Другой разговор, что покушение не состоялось. Доказать вину Хюррем "невозможно", потому что султан этого не желает. У них вообще-то любовь и пятеро детей, подумаешь, прихватило живот у Мустафы да пару дней в горячке провалялся! Было бы из-за чего кипятиться, тем более, что старший наследник уже начинал недвусмысленно демонстрировать свой взрывной и непокорный характер... Сулейман начинал потихоньку понимать отца, приславшего ему отравленный кафтан.
Я читала в интервью с Мерал Окай, что ей очень тяжело дался характер Сулеймана. Сложно было представить, как мыслил повелитель семи стихий. Но на мой взгляд, образ султана — тени бога на земле — ей удался. Например, гениально придумано, что Сулейман часто демонстрировал своим близким (до всех дотянуться не мог), что их жизнь и смерть в его руках.
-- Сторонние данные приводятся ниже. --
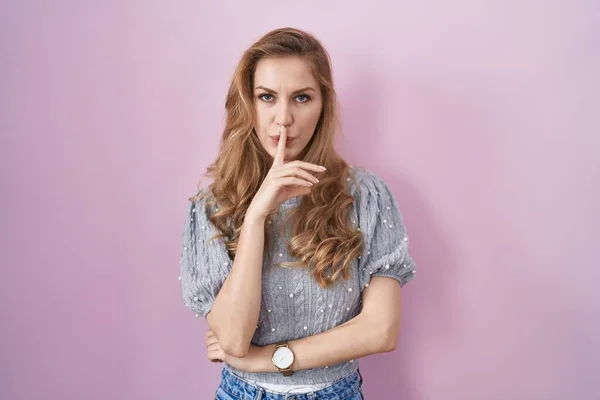 Beautiful Blonde Woman Standing Pink Background Asking Quiet Finger Lips — 图库照片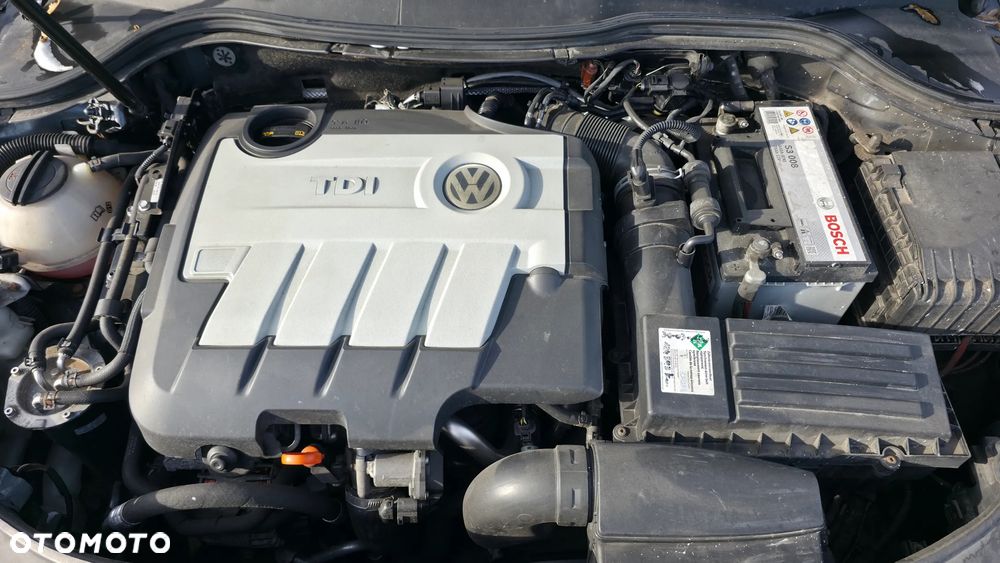 Volkswagen Passat 2.0 TDI DPF Comfortline - 11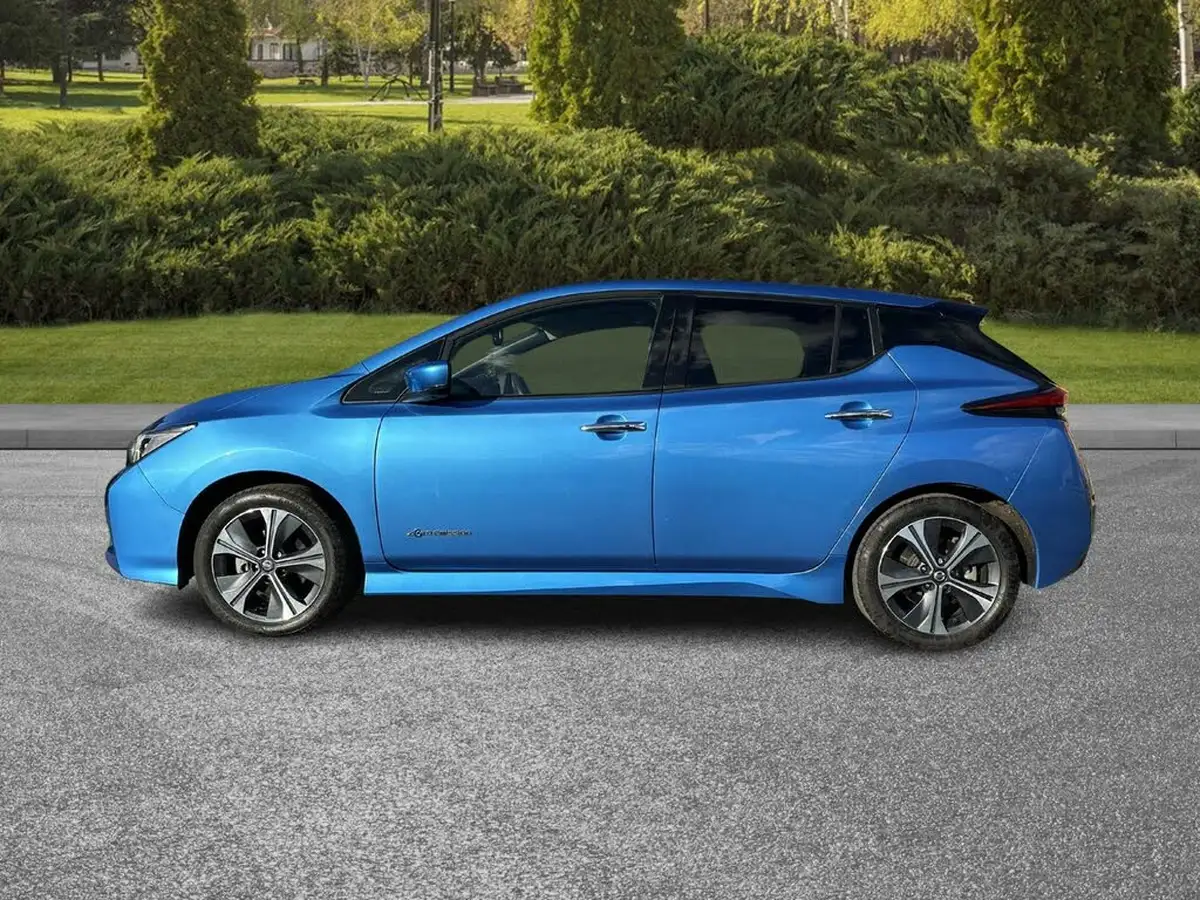 2020-nissan-leaf-e-tekna-big-3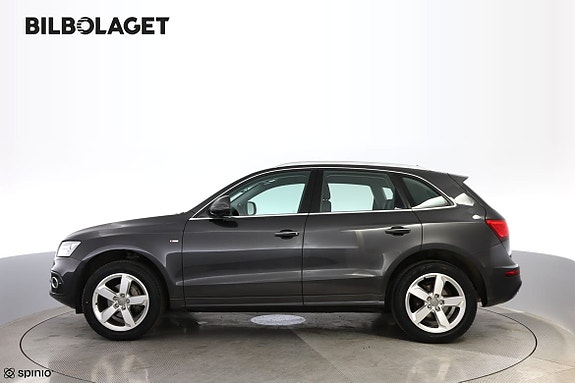 Audi Q5 2 of 17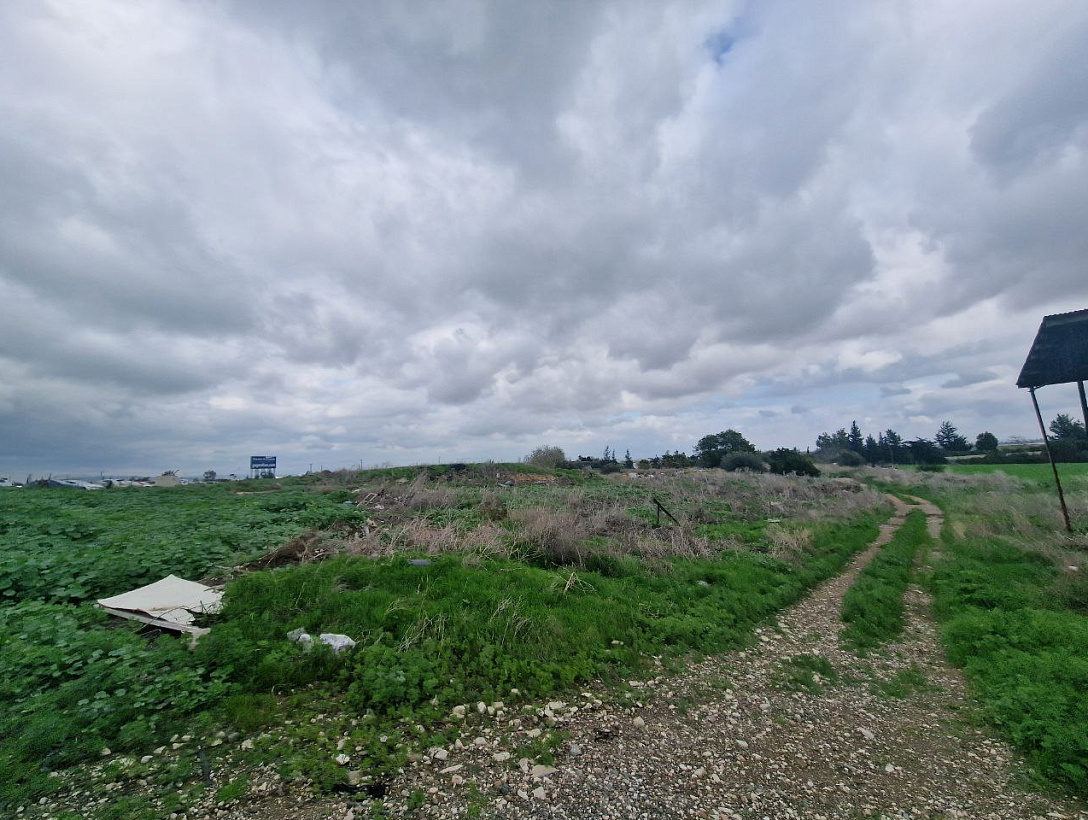 Land in Larnaca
Ведь по сути он казнил Хюррем — она пережила, все, что положено человеку пережить в последние минуты жизни. Смысл этой жестокой выходки — дать Хюррем понять, что ожидало бы ее в случае реального разоблачения. Это во-первых.
Султан понимал, что разговор о покушении на Мустафу с Хюррем вышел бы сложным, но ему было крайне важно донести до жены простую мысль: посягательство на жизнь шехзаде — тягчайшее преступление, которое карается смертью. И любовь к ней не остановит его от свершения правосудия. Иными словами, ему надо было обезопасить не столько Мустафу от Хюррем, сколько ее от самой же себя, ведь о дивной целеустремленности супруги султану уже было известно по истории с принцессой Изабеллой.
А во-вторых, наблюдая сначала за отрубающейся Хюррем, а потом за спящей, Сулейман, очевидно, пытался представить, что он чувствовал бы, если бы отравил свою хасеки в действительности. Султан имел нездоровую склонность к рефлексии и многократному проживанию отдельных волнующих его эмоций. Вечно раздираемый чувством долга, совестью и своими реальными чувствами, он балансировал на грани, в результате чего и тронулся умом под конец жизни... В истории с мнимым отравлением Хюррем, он выпуская пар, он сканировал свои чувства на предмет возможности жить без "радость и веселье приносящей". А такая жизнь была для султана невозможной...
Увы, Мустафа был одним из главных потенциальных соперников Сулеймана. И чем старше становился шехзаде, тем более четко проявлялось в нем стремление соперничать с отцом. Собственно сам факт попытки сохранить ребенка, указывал на бунтарские задатки Мустафы. И Хюррем, безропотно выпившая яд и, "умирая", кричавшая Сулейману "Любовь моя"! сильно выигрывала на фоне старшего наследника.
Когда наутро Сулейман сказал Хюррем мол, как же я смогу тебя убить еще и своими руками, он был предельно искренен. Только в отношении жены он мог быть спокоен и иметь некую иллюзию уверенности в ее преданности. (Хюррем-то хоть и была преданна султану, но рыла по сути всегда под себя). Потому-то и не мог ее убить. Хотя на тот момент "еще ничто не предвещало" вечно одинокий Сулейман уже вовсю чувствовал тяжесть османской "шапки Мономаха": мама пытается разлучить с женой, брат из Парги строит статуи в свою честь, Мустафа рожает детей, не потрудившись отбыть в санджак... Каждый за себя, и только Хюррем "за нас": за себя и Сулеймана.
Она лихо хлопает стопку "яда" еще и причитает, что исполнилась ее главная мечта: умереть на руках султана... Чего уж боле! В общем, как обычно, хасеки вывернула откровенно фатовую ситуацию в свою пользу. Хотя ей и пришлось нелегко. Как сказал великий русский классик: "Минуй нас пуще всех печалей / И барский гнев, и барская любовь". Но Хюррем деваться от этой любви было некуда!